▶ MATERIAL PROVIDED:
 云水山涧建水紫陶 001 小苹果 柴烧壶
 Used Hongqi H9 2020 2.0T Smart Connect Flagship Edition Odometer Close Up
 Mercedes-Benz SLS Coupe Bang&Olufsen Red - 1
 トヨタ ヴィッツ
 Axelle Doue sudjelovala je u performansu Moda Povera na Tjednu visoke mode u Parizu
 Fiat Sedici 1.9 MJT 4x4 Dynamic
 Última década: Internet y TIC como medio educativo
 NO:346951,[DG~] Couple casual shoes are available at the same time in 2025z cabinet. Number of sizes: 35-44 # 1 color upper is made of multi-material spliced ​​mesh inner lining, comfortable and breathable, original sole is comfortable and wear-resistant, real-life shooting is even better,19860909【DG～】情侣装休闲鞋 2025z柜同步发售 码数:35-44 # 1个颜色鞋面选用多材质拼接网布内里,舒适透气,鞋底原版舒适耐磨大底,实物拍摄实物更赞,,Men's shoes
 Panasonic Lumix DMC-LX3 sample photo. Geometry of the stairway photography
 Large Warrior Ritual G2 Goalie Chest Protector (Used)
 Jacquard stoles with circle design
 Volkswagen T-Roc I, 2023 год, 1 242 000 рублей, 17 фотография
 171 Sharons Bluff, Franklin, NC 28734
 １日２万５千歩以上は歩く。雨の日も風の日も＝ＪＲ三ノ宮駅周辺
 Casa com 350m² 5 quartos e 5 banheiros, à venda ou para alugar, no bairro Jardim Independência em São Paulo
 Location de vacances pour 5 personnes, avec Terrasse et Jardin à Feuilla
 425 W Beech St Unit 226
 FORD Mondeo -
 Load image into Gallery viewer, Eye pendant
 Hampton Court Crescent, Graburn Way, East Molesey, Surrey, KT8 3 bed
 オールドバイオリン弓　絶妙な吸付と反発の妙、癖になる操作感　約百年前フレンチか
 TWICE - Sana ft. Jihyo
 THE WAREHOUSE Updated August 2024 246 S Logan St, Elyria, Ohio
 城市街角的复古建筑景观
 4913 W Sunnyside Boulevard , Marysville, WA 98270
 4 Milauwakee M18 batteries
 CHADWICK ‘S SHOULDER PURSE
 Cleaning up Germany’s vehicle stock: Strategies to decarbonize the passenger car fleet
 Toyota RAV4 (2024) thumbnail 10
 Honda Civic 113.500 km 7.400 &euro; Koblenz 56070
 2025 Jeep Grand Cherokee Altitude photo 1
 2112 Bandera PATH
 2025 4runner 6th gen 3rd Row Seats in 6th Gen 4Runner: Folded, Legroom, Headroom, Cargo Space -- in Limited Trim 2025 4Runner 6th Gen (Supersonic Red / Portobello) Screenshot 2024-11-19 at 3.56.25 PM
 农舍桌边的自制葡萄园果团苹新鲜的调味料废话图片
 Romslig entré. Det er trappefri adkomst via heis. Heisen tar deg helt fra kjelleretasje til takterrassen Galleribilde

▶ WHAT TO WORK ON: Reproduce the listing above verbatim.

▶ FINAL ANSWER:
 云水山涧建水紫陶 001 小苹果 柴烧壶
 Used Hongqi H9 2020 2.0T Smart Connect Flagship Edition Odometer Close Up
 Mercedes-Benz SLS Coupe Bang&Olufsen Red - 1
 トヨタ ヴィッツ
 Axelle Doue sudjelovala je u performansu Moda Povera na Tjednu visoke mode u Parizu
 Fiat Sedici 1.9 MJT 4x4 Dynamic
 Última década: Internet y TIC como medio educativo
 NO:346951,[DG~] Couple casual shoes are available at the same time in 2025z cabinet. Number of sizes: 35-44 # 1 color upper is made of multi-material spliced ​​mesh inner lining, comfortable and breathable, original sole is comfortable and wear-resistant, real-life shooting is even better,19860909【DG～】情侣装休闲鞋 2025z柜同步发售 码数:35-44 # 1个颜色鞋面选用多材质拼接网布内里,舒适透气,鞋底原版舒适耐磨大底,实物拍摄实物更赞,,Men's shoes
 Panasonic Lumix DMC-LX3 sample photo. Geometry of the stairway photography
 Large Warrior Ritual G2 Goalie Chest Protector (Used)
 Jacquard stoles with circle design
 Volkswagen T-Roc I, 2023 год, 1 242 000 рублей, 17 фотография
 171 Sharons Bluff, Franklin, NC 28734
 １日２万５千歩以上は歩く。雨の日も風の日も＝ＪＲ三ノ宮駅周辺
 Casa com 350m² 5 quartos e 5 banheiros, à venda ou para alugar, no bairro Jardim Independência em São Paulo
 Location de vacances pour 5 personnes, avec Terrasse et Jardin à Feuilla
 425 W Beech St Unit 226
 FORD Mondeo -
 Load image into Gallery viewer, Eye pendant
 Hampton Court Crescent, Graburn Way, East Molesey, Surrey, KT8 3 bed
 オールドバイオリン弓　絶妙な吸付と反発の妙、癖になる操作感　約百年前フレンチか
 TWICE - Sana ft. Jihyo
 THE WAREHOUSE Updated August 2024 246 S Logan St, Elyria, Ohio
 城市街角的复古建筑景观
 4913 W Sunnyside Boulevard , Marysville, WA 98270
 4 Milauwakee M18 batteries
 CHADWICK ‘S SHOULDER PURSE
 Cleaning up Germany’s vehicle stock: Strategies to decarbonize the passenger car fleet
 Toyota RAV4 (2024) thumbnail 10
 Honda Civic 113.500 km 7.400 &euro; Koblenz 56070
 2025 Jeep Grand Cherokee Altitude photo 1
 2112 Bandera PATH
 2025 4runner 6th gen 3rd Row Seats in 6th Gen 4Runner: Folded, Legroom, Headroom, Cargo Space -- in Limited Trim 2025 4Runner 6th Gen (Supersonic Red / Portobello) Screenshot 2024-11-19 at 3.56.25 PM
 农舍桌边的自制葡萄园果团苹新鲜的调味料废话图片
 Romslig entré. Det er trappefri adkomst via heis. Heisen tar deg helt fra kjelleretasje til takterrassen Galleribilde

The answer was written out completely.